— Exercise prompt —
In the entries below, find each line with the word "Gray" and return it.

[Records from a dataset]
══════════

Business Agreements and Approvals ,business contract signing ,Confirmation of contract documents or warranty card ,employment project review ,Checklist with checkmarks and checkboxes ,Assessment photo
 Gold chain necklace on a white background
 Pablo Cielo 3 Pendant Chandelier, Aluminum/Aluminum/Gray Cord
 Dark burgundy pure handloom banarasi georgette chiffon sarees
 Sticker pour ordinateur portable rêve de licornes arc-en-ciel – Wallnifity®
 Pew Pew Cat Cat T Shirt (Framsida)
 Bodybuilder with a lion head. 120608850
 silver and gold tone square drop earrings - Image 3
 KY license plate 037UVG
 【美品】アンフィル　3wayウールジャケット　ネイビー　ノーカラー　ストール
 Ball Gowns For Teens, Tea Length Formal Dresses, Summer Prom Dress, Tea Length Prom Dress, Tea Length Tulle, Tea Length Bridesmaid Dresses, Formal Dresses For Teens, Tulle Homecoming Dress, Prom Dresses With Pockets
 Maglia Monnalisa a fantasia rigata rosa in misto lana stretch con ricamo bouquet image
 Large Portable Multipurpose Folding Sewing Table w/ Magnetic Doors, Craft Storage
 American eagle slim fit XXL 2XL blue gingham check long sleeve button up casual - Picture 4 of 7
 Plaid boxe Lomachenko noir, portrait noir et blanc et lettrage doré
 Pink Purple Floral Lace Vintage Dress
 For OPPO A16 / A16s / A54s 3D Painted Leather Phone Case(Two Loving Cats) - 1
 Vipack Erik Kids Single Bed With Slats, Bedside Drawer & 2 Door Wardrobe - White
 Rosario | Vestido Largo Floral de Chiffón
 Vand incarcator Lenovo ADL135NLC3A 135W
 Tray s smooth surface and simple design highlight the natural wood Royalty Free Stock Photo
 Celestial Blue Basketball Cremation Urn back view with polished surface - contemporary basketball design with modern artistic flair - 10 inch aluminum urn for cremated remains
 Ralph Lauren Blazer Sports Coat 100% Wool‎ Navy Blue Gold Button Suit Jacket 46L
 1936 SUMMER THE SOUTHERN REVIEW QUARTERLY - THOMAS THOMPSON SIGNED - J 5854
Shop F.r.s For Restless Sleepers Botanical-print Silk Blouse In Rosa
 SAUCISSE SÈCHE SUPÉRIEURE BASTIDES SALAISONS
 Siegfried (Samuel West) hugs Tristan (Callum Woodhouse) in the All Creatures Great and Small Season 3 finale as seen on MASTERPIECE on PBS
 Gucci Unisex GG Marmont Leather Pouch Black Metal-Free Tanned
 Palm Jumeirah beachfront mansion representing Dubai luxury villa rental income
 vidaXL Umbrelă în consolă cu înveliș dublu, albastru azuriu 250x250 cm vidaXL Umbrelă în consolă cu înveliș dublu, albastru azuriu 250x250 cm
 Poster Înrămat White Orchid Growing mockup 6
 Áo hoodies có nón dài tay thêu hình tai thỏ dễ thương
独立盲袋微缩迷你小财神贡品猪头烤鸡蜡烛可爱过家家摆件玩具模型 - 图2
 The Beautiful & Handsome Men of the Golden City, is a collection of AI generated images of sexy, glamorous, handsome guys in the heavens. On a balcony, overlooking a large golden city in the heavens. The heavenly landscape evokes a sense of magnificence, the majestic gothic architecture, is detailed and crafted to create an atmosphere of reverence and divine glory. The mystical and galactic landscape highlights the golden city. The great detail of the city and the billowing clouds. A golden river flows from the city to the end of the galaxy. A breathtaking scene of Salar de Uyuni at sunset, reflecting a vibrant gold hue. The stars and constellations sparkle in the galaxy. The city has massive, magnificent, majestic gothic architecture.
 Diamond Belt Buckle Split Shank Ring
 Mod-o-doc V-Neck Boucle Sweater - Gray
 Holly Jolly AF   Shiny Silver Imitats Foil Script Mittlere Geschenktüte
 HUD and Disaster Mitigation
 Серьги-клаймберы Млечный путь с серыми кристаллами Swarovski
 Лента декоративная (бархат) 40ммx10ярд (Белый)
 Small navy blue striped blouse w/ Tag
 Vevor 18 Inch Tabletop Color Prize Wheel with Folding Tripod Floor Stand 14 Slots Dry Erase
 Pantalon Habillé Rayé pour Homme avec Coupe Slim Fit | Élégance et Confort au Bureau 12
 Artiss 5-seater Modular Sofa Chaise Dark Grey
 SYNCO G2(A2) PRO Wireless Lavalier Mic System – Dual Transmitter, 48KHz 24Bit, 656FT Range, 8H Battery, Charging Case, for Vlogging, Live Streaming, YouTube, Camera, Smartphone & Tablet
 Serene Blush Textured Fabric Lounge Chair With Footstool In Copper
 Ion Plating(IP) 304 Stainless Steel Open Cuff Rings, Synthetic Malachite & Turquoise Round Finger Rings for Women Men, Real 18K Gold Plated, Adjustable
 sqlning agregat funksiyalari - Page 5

══════════

— Solution for this task —
 Pablo Cielo 3 Pendant Chandelier, Aluminum/Aluminum/Gray Cord
 Mod-o-doc V-Neck Boucle Sweater - Gray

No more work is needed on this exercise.